§ Material provided
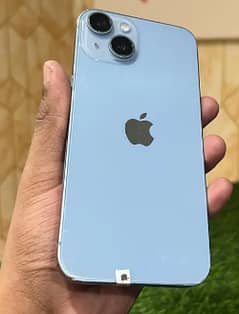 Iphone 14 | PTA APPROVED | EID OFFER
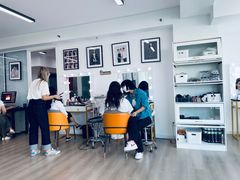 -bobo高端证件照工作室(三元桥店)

==

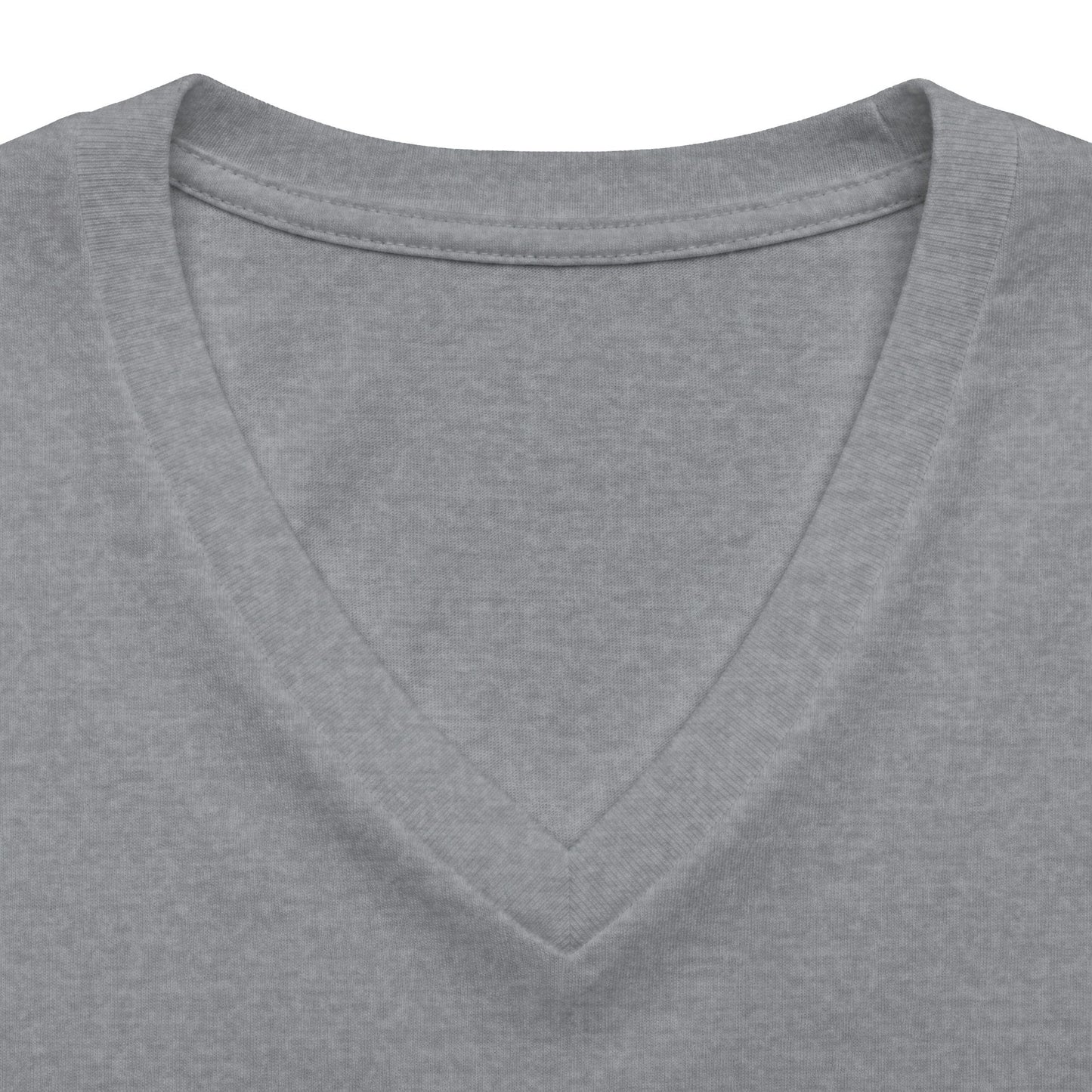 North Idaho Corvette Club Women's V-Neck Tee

§ Work instructions
Your answer must be the lines above from the one holding "Iphone 14 | PTA APPROVED | EID OFFER" up to and including the one holding "-bobo高端证件照工作室(三元桥店)", exact and with no pictures.

§ Task output
 Iphone 14 | PTA APPROVED | EID OFFER
 -bobo高端证件照工作室(三元桥店)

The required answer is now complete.